What is volume training then?
Volume refers to the total amount of weight you lifted over a period of time. It can be measured in several ways but the most simple and well-known way is to multiply the weight used by the sets and reps performed on exercises. For example, if you lifted 5sets of 5 reps (5x5) of squat with 315 pounds, your total volume for the squat today is 7,875 pounds (5 x 5 x 315).
This is where volume training kicks in. Once you know how much volume you are doing in a particular workout, you can plan your workout accordingly so that you are working at optimal volumes for your goal. The biggest advantage of volume training is that it is extremely easy to monitor and set your progress. The only thing you need to do is increase the reps of the same weight. As you are able to complete more reps with a given weight, you know that you are progressing. There is nothing quite like the feeling of completing a set of 10 reps with a weight that you previously only got 6-8 reps with.
What is Intensity training?
Intensity refers to how hard you are training it can be measured in a number of ways.
The most common measurement of Intensity is based on percentages. It's the percentage of a one-repetition max (1RM) that you use for a particular exercise. For example, if your 1RM is 300 pounds and you choose to do eight repetitions at 80 percent of your 1RM, you're lifting 240 pounds in that set. The higher the percentage, the more intense the lift is and the closer to failure you come.
The biggest advantage of intensity training is that it allows you to work out with very heavy weights, which is the best way to promote strength gains. Intensity training can also help you overcome a plateau. When you've been lifting for a while, it's normal to find that your muscles have stopped responding to the same routines. Intensity training can change that by causing more muscle damage, which in turn leads to more muscle growth.

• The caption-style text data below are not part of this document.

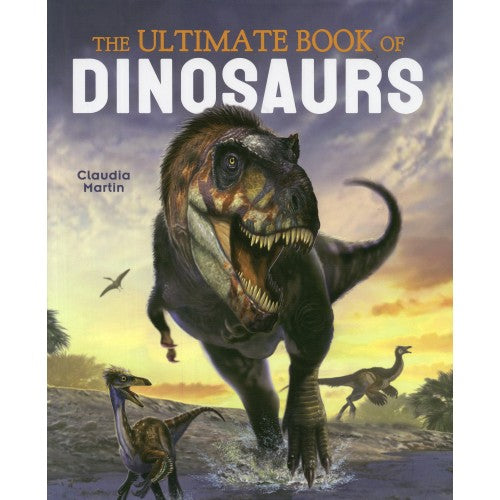 Ultimate Book of Dinosaurs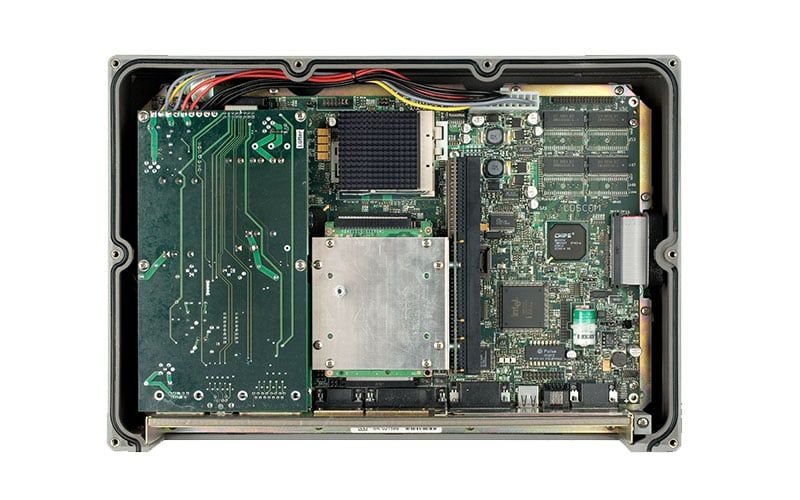 noax Industrie PC Boardserie P5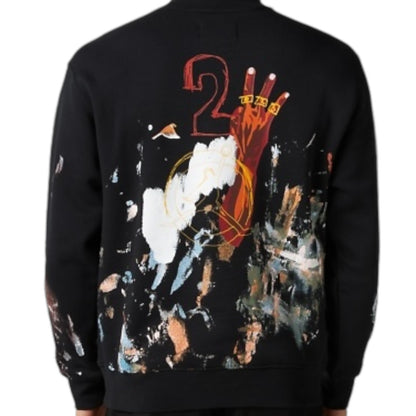 Jordan Artist Series Crewneck - FB6990-010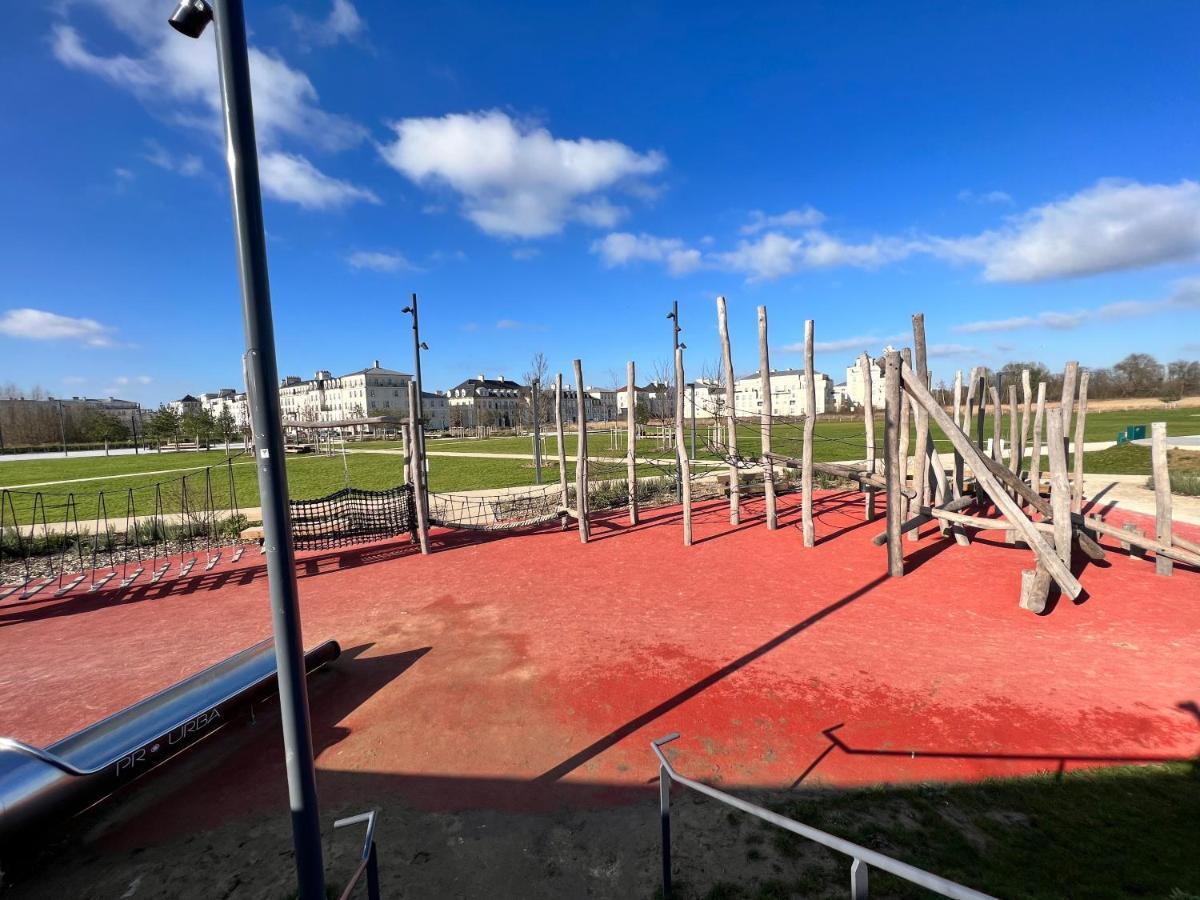 Lifestyle Disneyland Paris 8 Pax 塞里斯 外观 照片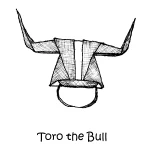 034 Toro The Bull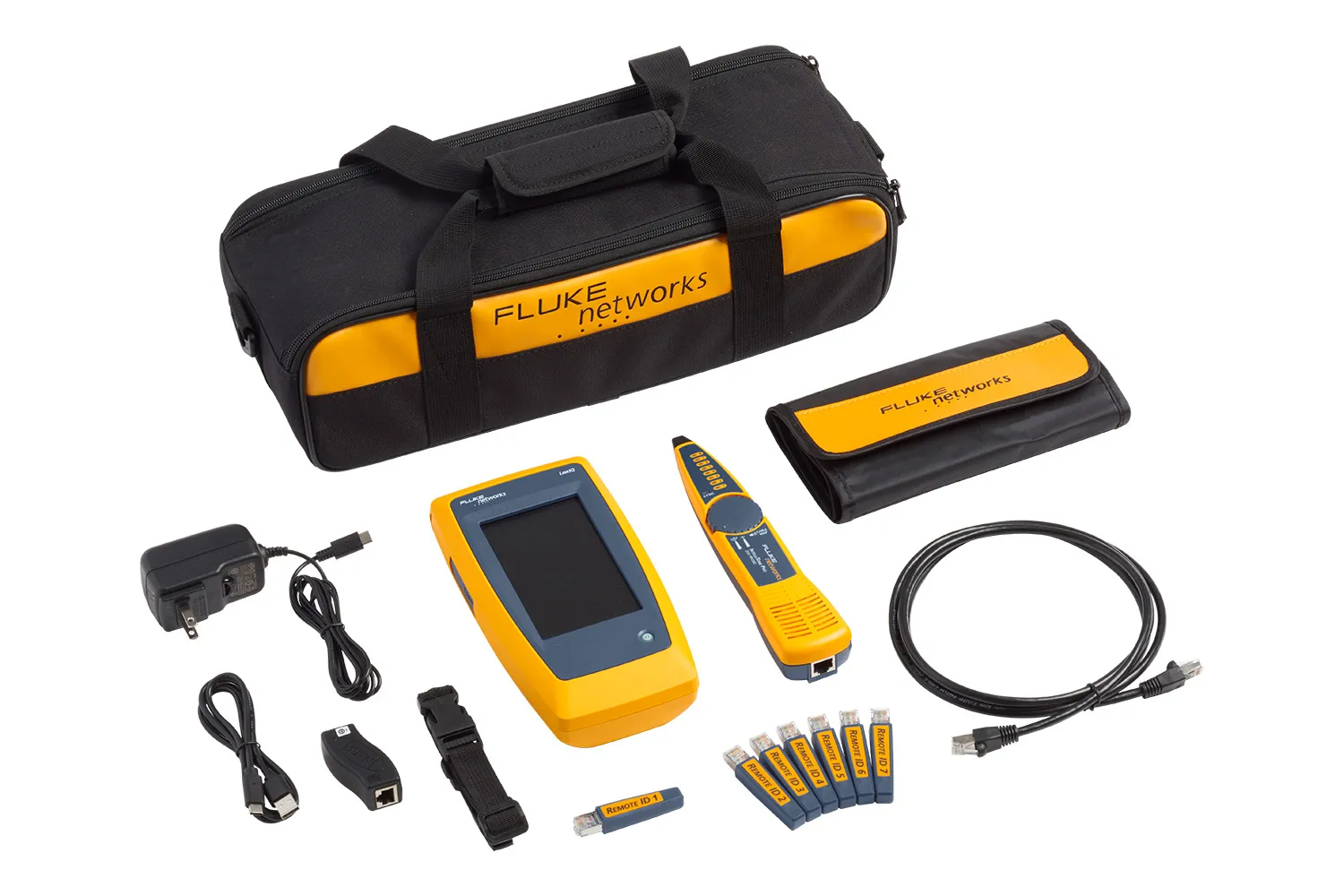 Tester cavi Fluke Networks LinkIQ
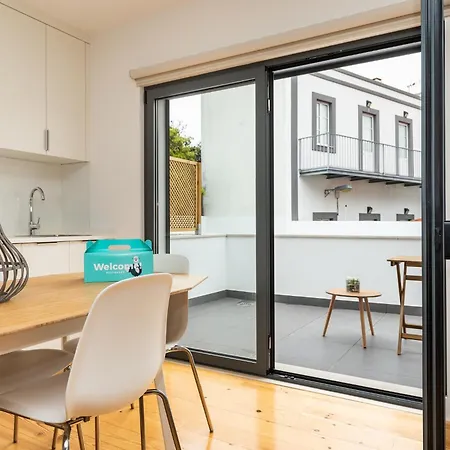 Belem Design By Homing Apartament Lizbona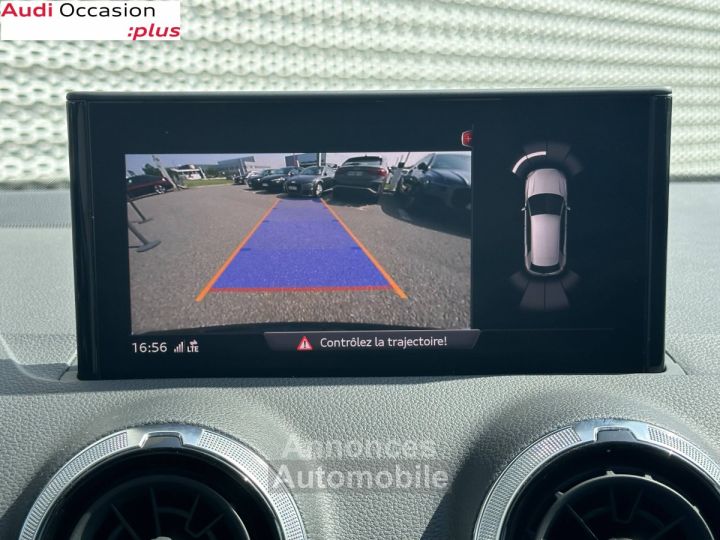 Audi Q2 30 TFSI 110 BVM6 Design Luxe - 29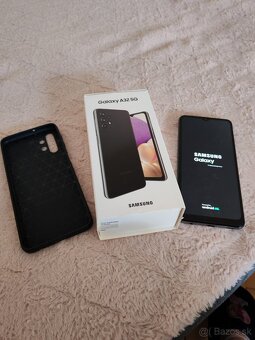 Predám Samsung Galaxy A32 5 GB pamät 128 gb - 3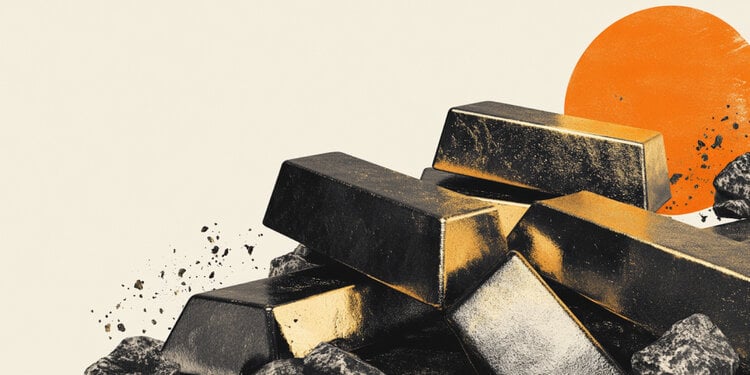 金价因首个美英贸易协议的避险资金流出而下跌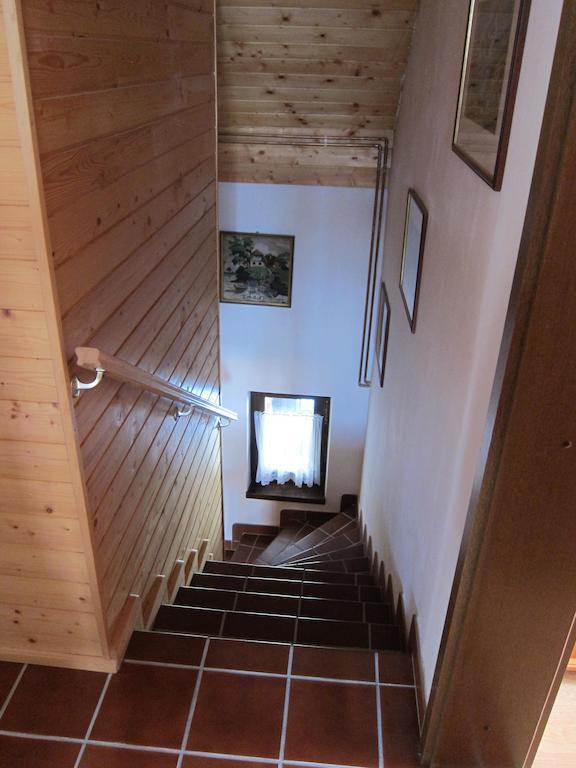 Holiday Home Kersnik Bohinj Eksteriør bilde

So why both training methods measured?
Because muscle hypertrophy occurs due to cumulative tension stimulus over time. Meaning you should either increase the amount of tension produced in each rep by lifting more heavyweight (intensity training), or extend the amount of time your muscles are exposed to tension by increase the time of your workout (volume training) to grow your muscle.
There are people who are putting more focus on one method on their workout which is called strength training(intensity) and BBB training (volume) but neither of them uses only one method. Imagine you are training like lift only 1rm of each exercise. It will help you gain strength, but also quickly makes you fatigued and can’t continue. How about lifting 10 pounds 1000 reps? you’ll get the idea.
I hope this short article will provide you with a good insight on the fundamental of volume & intensity training. In order to put a good weight training program for yourself, you should know about the pros and cons of both training approaches. Just know that it’s not always the case like either (intensity or volume) is better than another. You only need to find the right balance between the two. It’s up to you how can find your own “golden” combination between intensity and volume.